### Task
Restate the data that follows exactly as it stands, beginning with the first line and ending with the line that contains "Professional Fast Food".

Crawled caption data
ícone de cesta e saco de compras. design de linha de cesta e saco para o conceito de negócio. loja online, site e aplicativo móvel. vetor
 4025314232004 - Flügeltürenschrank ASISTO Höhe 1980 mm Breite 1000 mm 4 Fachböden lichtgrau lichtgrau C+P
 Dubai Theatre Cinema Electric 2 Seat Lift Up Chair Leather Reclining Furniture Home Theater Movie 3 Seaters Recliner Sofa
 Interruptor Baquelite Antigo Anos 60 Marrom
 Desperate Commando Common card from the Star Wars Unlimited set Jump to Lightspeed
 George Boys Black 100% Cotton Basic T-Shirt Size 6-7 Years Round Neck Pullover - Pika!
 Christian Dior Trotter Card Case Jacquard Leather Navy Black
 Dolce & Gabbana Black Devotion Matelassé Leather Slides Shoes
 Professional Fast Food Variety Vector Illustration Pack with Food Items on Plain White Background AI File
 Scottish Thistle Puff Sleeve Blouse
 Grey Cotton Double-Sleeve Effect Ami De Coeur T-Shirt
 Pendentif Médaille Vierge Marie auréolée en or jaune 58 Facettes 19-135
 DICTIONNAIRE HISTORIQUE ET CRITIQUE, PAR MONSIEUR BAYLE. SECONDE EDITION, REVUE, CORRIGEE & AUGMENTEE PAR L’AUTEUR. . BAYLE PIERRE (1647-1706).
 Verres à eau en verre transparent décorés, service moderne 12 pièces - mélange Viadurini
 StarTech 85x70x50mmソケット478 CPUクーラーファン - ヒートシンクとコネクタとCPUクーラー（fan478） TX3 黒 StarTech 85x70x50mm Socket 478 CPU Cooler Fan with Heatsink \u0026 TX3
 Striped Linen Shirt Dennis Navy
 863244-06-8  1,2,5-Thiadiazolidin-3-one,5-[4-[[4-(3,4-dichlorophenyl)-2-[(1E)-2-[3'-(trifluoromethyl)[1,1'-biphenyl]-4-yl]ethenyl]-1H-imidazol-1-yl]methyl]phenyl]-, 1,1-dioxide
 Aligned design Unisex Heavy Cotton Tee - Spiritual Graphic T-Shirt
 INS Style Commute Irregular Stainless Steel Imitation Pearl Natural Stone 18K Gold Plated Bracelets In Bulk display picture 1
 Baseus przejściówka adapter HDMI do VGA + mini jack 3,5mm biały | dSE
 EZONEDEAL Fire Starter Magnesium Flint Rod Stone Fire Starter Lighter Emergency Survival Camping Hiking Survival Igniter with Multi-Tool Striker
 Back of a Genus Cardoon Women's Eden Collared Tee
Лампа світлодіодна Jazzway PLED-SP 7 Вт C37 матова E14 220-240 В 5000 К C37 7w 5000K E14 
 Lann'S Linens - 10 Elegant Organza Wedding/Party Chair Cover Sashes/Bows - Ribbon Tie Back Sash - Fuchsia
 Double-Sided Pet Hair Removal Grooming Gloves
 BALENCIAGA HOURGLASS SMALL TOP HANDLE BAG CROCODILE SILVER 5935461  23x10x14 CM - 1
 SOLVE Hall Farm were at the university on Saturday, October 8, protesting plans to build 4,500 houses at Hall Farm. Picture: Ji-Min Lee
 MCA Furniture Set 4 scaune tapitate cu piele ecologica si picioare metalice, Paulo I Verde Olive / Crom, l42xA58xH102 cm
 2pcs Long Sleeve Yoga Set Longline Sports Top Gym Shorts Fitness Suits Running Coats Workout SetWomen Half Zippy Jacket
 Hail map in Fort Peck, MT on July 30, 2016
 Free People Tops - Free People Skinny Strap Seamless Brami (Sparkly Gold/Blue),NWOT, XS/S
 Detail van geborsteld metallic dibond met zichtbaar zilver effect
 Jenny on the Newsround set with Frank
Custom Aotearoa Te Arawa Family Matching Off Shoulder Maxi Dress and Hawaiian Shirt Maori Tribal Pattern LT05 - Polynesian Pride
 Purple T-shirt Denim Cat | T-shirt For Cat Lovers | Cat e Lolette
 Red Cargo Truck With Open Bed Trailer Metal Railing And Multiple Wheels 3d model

### Output for this exercise
ícone de cesta e saco de compras. design de linha de cesta e saco para o conceito de negócio. loja online, site e aplicativo móvel. vetor
 4025314232004 - Flügeltürenschrank ASISTO Höhe 1980 mm Breite 1000 mm 4 Fachböden lichtgrau lichtgrau C+P
 Dubai Theatre Cinema Electric 2 Seat Lift Up Chair Leather Reclining Furniture Home Theater Movie 3 Seaters Recliner Sofa
 Interruptor Baquelite Antigo Anos 60 Marrom
 Desperate Commando Common card from the Star Wars Unlimited set Jump to Lightspeed
 George Boys Black 100% Cotton Basic T-Shirt Size 6-7 Years Round Neck Pullover - Pika!
 Christian Dior Trotter Card Case Jacquard Leather Navy Black
 Dolce & Gabbana Black Devotion Matelassé Leather Slides Shoes
 Professional Fast Food Variety Vector Illustration Pack with Food Items on Plain White Background AI File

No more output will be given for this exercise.